### [Try it]
Below are some records. Repeat exactly the lines from the one containing "Rick's Air Filter" through the final line.

### [Exercise data]
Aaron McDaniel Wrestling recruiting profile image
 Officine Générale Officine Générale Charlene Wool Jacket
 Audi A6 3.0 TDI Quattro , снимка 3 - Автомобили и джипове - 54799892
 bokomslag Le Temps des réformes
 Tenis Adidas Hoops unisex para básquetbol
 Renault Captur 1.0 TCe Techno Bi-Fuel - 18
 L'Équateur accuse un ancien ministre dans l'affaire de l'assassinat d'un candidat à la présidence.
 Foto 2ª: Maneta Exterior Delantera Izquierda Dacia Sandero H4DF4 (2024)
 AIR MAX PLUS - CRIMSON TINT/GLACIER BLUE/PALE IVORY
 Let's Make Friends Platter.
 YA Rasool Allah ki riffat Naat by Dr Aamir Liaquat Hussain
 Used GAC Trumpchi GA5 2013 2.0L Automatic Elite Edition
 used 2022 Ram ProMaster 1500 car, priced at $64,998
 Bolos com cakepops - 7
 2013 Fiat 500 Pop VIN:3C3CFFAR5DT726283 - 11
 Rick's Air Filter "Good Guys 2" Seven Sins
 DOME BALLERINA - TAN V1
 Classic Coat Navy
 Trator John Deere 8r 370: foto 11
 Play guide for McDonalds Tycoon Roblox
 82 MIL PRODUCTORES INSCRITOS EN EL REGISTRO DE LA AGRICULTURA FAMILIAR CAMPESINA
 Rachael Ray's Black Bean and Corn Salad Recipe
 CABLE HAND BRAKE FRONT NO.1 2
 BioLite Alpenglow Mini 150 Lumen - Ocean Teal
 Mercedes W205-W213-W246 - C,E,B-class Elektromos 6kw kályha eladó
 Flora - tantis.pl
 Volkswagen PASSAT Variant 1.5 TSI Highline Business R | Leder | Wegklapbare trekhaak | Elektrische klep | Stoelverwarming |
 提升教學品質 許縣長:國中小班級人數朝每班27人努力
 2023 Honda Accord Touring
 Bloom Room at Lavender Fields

### [Result for this exercise]
 Rick's Air Filter "Good Guys 2" Seven Sins
 DOME BALLERINA - TAN V1
 Classic Coat Navy
 Trator John Deere 8r 370: foto 11
 Play guide for McDonalds Tycoon Roblox
 82 MIL PRODUCTORES INSCRITOS EN EL REGISTRO DE LA AGRICULTURA FAMILIAR CAMPESINA
 Rachael Ray's Black Bean and Corn Salad Recipe
 CABLE HAND BRAKE FRONT NO.1 2
 BioLite Alpenglow Mini 150 Lumen - Ocean Teal
 Mercedes W205-W213-W246 - C,E,B-class Elektromos 6kw kályha eladó
 Flora - tantis.pl
 Volkswagen PASSAT Variant 1.5 TSI Highline Business R | Leder | Wegklapbare trekhaak | Elektrische klep | Stoelverwarming |
 提升教學品質 許縣長:國中小班級人數朝每班27人努力
 2023 Honda Accord Touring
 Bloom Room at Lavender Fields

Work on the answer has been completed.